Based on the Clancy novel, Clear and Present Danger (1994) revives the elder statesman Presidential image. Harrison Ford’s Jack Ryan reports to a corrupt President in bed with corporations and willing to authorize cover-ups. This film comes in the wake of Iran/Contra and other covert operations. These transgressions were never fully explained to the public satisfaction. "Mistakes were made."

 

   The President dating? Okay, we can imagine it now, but five years ago, the idea felt new. The American President (1995) shows us widower Prez Michael Douglas and lobbyist Annette Bening in a convincing White House romance complete with conflicts of interest. Portraying a humanized leader, this film was an internship, so to speak, for screenwriter Aaron Sorkin.

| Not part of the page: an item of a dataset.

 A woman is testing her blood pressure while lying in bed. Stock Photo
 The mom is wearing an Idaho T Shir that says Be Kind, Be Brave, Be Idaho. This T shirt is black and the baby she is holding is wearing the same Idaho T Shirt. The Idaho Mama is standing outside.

   The young guy as Prez continues with Bill Paxton’s turn as Commander in Chief for Independence Day (1996). A skilled fighter pilot, he and Will Smith send those evil extraterrestrials packing. In Air Force One (1997), Harrison Ford doesn’t report to the President; he is the Big Guy himself. Ford is lithe and impressive as an action hero who saves his family and staff from terrorists. Both movies may reflect a public disappointment in Clinton’s missing military background. Otherwise, these presidential portraits are a liberal’s dream.

   But the dream fades. Joe Klein’s Primary Colors was one book that didn’t wait long enough to tell-all about mud on the campaign trail. The film based on Klein’s book (1998) was released a week after Clinton’s deposition on the Paula Jones case. It gives us John Travolta as Southern-inflected candidate Jack Stanton. He is soft and gooey, like the donuts he mashes into his face. In 1997-1998, Murder at 1600, Absolute Power, and Wag the Dog follow in quick succession. All three reek with scandal and wrongdoing at the Top.

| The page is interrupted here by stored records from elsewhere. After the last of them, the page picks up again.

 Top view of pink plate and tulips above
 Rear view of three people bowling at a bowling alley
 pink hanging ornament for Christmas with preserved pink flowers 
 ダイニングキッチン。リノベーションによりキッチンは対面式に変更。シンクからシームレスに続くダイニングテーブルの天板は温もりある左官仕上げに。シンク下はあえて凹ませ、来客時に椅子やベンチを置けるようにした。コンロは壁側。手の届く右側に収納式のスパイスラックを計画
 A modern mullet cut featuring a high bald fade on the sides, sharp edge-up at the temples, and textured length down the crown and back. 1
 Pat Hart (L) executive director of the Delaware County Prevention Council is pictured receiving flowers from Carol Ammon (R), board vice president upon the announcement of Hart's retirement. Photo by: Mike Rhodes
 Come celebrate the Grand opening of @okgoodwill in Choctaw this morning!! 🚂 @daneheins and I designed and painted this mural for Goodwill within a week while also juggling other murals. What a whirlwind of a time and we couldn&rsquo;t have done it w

   Unlike film, the small screen is overwhelmed with Presidential reality, press conferences, sound bites, photo ops. Before The West Wing, presidential parody was the best TV could offer. Nixon appeared on Laugh-In and every President since then showed up some way or other on Saturday Night Live. Benson was a long-running sitcom during a time of growing political influence for minorities. Hearts Afire, written by MFOBs (Major Friends of Bill) Harry Thomason and Linda Bloodworth, lasted only a season or two. Showing the daily struggles of a Washington staff, the show is closest in spirit to Sorkin’s The West Wing.

   From the outset, The West Wing sets a disclaimer: We are fiction. Opening credits show a filmy flag waving across an image of the White House. The theme music is by W.G. Snuffy Walden. Stirring, stately, with lots of brass, I thought the tune vaguely Copland-esque the first time I heard it. Now it seems more like the theme from Wagon Train. "Westward ho! Round up those dogies." We’re supposed to be in mythic territory here.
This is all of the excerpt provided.